To give you an idea, this feels like a movie directed by Terry Gilliam and co-written by Jorge Luis Borges and Philip K. Dick. Its high-concept premise was an opportunity to explore themes like time, loss, regret. Unfortunately, the result is uneven, too ambitious for its own good.

Romania, 1938. Aging language scholar Dominic (Tim Roth) is struck by lighting and inexplicably becomes younger. He also develops an incredible memory which boosts his linguistic skills. When Nazis find out about him, Dominic escapes in Switzerland, where he is hunted down by a German scientist.

In the second half, which feels like a different movie altogether, Dominic meets Veronica (Alexandra Maria Lara), identical to Laura - I like the nod to Petrarca here: see the introductory dream, which is basically a "Triumph of the Death" - the woman he loved (and lost) sixty years before. Veronica too is struck by lighting (!) and experiences visions from her previous lives. Dominic uses her mystical journey for his study on the origins of language.

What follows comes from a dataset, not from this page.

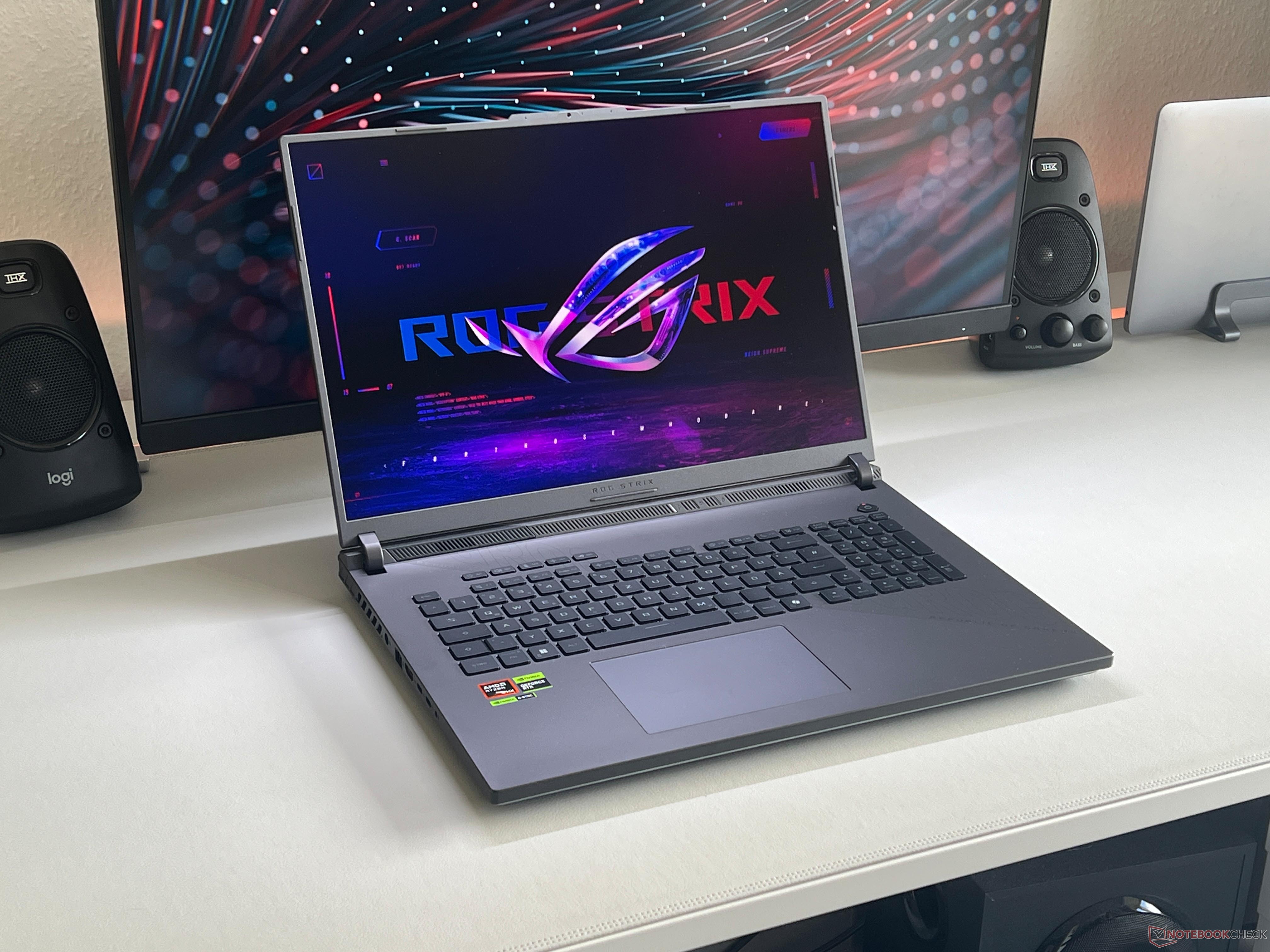 Recenzja Asus ROG Strix G18 2025 - 18-calowy laptop do gier z potężnymi układami AMD 9955HX i RTX 5070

Add to this: some weird powers acquired by Dominic, who can read books by simply staring at them and at some point is also able control guns with telekinesis, like a low-rent Magneto; a cameo appearance by a furry-fingered creature holding a skull, apparently Shiva (?); an incomprehensible subplot about a "double" played by Roth as a mix between Adolf Hitler and Gollum (Coppola even uses the same camera tricks employed by Jackson during the schizophrenic conversations). I kid you not.

I like Roth (The Legend of 1900, Rosencrantz and Guildenstern Are Dead), but his performance here is uneven. As quiet, decent Dominic he is nicely understated; he is somewhat baffling as the already mentioned "double". Is it meant to represent Id? Superego? Or maybe a Jungian shadow? Beats me - and Roth too, I guess.

Luminous Alexandra Maria Lara is remarkable in a challenging and thankless role (after a brief appearance at the beginning she disappears from the movie for a long time).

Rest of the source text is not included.